On December 3, 2020, MAPS (Multidisciplinary Association for Psychedelic Studies) published a press release regarding a lawsuit against the DEA and the Attorney General to “enforce licenses to manufacture marijuana for clinical trials and possible FDA approval.” We have already written about MAPS and its 35 years of advocacy and collaboration with DEA, and we are huge fans of the nonprofit.
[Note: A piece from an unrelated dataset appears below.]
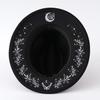 Ladies' Retro Western Cowboy Hat, Wide Brimmed Black and White Flower Star and Moon Pattern, Elegant Rural Style Headwear, Holiday Decoration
The announcement of this lawsuit follows the vote by the United Nations Commission on Narcotic Drugs (CND) to approve the World Health Organization (WHO) recommendation to remove cannabis and cannabis resin for medicinal purposes from Appendix IV of the 1961 Single Convention on Narcotic Drugs. The US had already confirmed that it would support the WHO recommendation and released a statement explaining why it voted:
The United States’ vote to remove cannabis and cannabis resin from Appendix IV of the Single Convention while maintaining them in Appendix I is in line with science showing that cannabis was self-developed, although a safe and effective therapeutic was developed from cannabis has posed significant public health risks and should continue to be controlled under international drug control conventions. In addition, this move has the potential to stimulate global research into the therapeutic potential and public health effects of cannabis, and to attract additional researchers to the field, including those who may have been deterred by Cannabis’s Annex IV status. [Emphasis added]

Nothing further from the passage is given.